TASK GOAL: Please copy each line of the listing below precisely, excluding the images.

DATA SEGMENT:
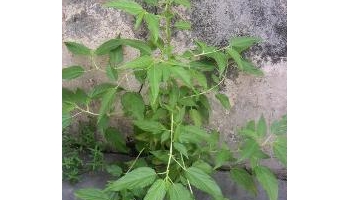 麻叶 火麻叶、火麻头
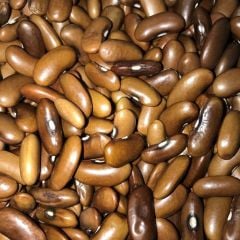 Geleneksel Ata Tohumları Magnum Oturak Fasulye Tohumu (10 tohum)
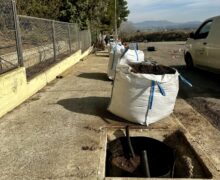 La Paeria de Balaguer planta arbres a la zona de l’Institut Almatà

SOLVED PROBLEM:
 麻叶 火麻叶、火麻头
 Geleneksel Ata Tohumları Magnum Oturak Fasulye Tohumu (10 tohum)
 La Paeria de Balaguer planta arbres a la zona de l’Institut Almatà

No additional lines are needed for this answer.